In preg match we start with the opening syntax: ('. After that it is safe to just say you wish to begin searching at the front of the line. If you do, make sure you note to end the search at the end of the line, just for practice.
^ (caret/power-to-the) = Start of the line
$ (Dollar Sign) = End of line
By doing ('^, I now eliminate any melicious use of the form by adding anything not stated in the search, ideally: SPACES.

Because REGEX is very literal and simple-yet-complex, do not use spaces to separate your commands, REGEX will read everything to the T. So right after you tell REGEX to start at the line, tell what it needs to see first. I want it to see a Letter or Number first. (Emails can JUST BE NUMBERS, I have tested this on my domain emails, fun stuff). So we use CHARACTER CLASS. Character Class is basically a single character to search for placed into [] brackets.

So [a-z0-9] actually means find a single digit that is a through z or zero through nine. The dash - and caret ^ are the only characters that are not always LITERAL. By beginning your character class with a care ^, you are saying all characters in that character class are everything YOU'RE NOT looking for/avoiding. So putting [^a-z] will mean your search will find a character that is numeric or symbol. (including spaces). And the - if used anywhere between characters will generate a metacharacter use and not be literal. So if used in between characters in the class incorrectly will give you an error. So [-a-z] means find a character that is a dash or ALPHA. See, REGEX is smart enough to know that the dash has nothing to relate to before itself, so it counts itself as literal.
SO:
[a-z^-] would mean search for alpha or a caret ^ or a dash -.

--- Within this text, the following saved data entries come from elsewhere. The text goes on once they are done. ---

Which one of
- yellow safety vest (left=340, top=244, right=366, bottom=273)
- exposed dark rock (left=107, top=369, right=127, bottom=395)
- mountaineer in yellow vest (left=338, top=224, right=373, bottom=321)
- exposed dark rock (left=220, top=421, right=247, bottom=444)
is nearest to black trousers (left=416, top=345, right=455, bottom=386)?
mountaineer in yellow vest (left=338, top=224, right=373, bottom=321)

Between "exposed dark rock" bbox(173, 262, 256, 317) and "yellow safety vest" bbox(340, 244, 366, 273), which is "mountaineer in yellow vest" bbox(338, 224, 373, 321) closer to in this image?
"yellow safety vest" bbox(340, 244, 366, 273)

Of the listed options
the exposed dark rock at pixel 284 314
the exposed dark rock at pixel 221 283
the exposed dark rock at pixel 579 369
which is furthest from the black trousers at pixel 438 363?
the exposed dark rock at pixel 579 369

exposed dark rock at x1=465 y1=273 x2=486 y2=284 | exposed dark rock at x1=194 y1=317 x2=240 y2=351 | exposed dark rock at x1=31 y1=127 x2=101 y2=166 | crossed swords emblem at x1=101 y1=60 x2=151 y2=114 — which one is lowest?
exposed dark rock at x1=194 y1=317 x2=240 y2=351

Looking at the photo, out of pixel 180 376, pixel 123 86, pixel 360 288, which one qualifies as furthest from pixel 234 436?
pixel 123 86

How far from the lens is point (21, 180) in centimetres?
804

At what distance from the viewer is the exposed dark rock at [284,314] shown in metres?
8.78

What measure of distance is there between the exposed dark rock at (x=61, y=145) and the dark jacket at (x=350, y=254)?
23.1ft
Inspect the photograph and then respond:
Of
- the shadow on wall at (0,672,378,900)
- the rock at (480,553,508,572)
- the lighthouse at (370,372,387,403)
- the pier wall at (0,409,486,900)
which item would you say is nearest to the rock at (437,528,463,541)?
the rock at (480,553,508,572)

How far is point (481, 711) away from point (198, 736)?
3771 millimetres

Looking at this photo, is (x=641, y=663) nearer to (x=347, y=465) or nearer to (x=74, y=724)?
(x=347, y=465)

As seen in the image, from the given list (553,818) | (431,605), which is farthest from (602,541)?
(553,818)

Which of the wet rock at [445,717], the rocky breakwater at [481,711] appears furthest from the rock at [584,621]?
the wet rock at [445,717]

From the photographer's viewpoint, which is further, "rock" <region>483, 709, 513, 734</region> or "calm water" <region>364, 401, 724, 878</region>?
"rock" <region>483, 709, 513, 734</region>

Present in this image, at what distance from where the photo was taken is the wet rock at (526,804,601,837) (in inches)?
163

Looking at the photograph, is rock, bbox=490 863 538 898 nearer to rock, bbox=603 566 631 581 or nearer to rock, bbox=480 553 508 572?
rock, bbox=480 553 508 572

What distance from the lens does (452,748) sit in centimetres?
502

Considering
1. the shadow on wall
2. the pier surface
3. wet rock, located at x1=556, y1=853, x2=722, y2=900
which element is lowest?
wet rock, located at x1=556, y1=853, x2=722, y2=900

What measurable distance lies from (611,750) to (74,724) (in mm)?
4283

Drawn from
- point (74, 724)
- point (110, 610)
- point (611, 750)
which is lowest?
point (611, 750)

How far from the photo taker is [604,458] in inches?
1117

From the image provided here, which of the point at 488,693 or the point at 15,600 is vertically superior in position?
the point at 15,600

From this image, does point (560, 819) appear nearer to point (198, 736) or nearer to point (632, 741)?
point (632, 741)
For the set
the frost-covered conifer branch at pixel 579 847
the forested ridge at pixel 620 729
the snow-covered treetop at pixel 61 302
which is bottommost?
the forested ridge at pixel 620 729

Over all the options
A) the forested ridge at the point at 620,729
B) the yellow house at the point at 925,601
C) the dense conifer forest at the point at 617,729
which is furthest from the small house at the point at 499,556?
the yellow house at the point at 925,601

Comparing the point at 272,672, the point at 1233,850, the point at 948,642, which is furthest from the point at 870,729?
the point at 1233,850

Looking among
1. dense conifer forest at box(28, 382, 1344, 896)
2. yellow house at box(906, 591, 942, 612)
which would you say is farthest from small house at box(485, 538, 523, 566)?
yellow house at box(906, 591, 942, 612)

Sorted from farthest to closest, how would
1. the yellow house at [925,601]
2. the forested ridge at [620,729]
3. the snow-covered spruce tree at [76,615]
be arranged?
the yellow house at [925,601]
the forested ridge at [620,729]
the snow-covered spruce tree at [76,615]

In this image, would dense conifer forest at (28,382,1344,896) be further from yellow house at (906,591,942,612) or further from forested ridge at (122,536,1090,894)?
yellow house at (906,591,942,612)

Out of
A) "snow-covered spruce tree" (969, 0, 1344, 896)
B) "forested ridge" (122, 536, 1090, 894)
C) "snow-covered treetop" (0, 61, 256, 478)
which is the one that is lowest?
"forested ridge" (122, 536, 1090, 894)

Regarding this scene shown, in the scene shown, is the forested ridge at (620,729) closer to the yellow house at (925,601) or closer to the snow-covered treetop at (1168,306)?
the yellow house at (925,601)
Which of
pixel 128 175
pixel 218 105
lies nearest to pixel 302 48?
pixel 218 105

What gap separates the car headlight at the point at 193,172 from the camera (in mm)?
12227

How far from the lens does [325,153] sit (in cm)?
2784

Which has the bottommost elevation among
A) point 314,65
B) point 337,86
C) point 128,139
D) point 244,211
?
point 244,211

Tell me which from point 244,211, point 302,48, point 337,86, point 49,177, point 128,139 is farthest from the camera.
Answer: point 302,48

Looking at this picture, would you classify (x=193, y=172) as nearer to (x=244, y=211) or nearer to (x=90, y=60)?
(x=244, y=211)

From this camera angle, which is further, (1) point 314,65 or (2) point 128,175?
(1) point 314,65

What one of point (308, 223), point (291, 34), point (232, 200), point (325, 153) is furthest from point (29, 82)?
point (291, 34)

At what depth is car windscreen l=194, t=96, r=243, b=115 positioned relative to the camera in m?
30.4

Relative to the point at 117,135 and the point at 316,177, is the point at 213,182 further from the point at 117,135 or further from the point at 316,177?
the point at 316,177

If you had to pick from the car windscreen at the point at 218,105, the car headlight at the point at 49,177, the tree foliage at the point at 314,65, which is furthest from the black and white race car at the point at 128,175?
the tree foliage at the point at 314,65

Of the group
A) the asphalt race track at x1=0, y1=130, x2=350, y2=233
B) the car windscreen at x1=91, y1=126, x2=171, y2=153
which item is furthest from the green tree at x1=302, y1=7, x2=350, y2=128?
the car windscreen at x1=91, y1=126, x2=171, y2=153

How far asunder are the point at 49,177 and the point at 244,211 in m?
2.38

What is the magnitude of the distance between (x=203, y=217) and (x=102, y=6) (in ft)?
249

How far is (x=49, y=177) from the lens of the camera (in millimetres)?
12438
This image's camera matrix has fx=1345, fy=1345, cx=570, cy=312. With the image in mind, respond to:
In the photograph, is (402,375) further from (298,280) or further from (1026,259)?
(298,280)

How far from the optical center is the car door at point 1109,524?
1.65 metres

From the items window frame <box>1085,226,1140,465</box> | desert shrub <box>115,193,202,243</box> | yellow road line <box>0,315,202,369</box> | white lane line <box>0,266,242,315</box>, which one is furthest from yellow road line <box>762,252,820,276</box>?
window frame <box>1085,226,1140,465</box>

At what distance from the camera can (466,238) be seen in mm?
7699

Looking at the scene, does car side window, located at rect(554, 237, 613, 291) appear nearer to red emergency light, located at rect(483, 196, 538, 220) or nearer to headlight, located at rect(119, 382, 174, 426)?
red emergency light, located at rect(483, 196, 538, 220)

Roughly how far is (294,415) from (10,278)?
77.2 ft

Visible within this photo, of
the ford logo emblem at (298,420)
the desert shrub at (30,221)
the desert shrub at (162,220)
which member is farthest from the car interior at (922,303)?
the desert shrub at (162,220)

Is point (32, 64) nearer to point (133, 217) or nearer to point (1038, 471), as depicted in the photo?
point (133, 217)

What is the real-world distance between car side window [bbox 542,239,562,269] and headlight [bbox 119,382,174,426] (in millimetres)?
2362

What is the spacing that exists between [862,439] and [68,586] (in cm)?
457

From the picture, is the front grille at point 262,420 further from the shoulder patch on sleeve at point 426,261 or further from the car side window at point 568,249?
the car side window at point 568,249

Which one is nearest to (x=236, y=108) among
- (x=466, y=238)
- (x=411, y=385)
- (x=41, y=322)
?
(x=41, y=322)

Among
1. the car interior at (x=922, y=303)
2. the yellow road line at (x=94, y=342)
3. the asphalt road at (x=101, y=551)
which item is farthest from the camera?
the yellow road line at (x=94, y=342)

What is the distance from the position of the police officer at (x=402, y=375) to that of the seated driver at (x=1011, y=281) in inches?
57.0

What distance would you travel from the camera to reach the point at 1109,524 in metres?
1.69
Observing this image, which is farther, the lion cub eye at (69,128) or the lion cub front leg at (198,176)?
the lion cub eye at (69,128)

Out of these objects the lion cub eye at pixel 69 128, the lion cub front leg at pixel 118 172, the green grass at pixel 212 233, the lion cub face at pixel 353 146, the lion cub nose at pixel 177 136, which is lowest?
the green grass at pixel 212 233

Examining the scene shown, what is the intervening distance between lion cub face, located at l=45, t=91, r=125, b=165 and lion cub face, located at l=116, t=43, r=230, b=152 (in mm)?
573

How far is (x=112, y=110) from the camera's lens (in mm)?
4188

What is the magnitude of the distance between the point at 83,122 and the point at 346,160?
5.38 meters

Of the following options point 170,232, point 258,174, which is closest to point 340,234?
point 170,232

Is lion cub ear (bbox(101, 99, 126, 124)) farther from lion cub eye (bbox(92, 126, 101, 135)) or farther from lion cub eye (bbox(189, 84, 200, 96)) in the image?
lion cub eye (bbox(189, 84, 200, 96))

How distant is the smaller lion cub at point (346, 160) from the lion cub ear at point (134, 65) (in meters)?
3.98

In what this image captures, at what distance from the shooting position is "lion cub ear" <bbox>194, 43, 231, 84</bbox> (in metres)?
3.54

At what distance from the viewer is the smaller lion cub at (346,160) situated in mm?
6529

If you haven't noticed, character classes mean JUST ONE CHARACTER. Often you will follow your [] with a + or *. + and * are repeaters/repetition metacharacters. Both being different with how they act on the first return value they find or attempt to find.
Think of it like this
+ REQUIRES a value stated and may have more following.
* IS ALWAYS TRUE, and simply means repeat the value preceding me, if there is no value to match, then it won't matter, the code/REGEX will continue as TRUE.
So [a-z]* instead of the code [a-z]+ would be bad for email because a person can type in an email like:
@yahoo.com
Because [a-z]* looked for the alpha code, but found the next step in the code being the @ sign and because * can fail to find it's character(s) over and over, but still continue the code. So the + sign requires a return at least once.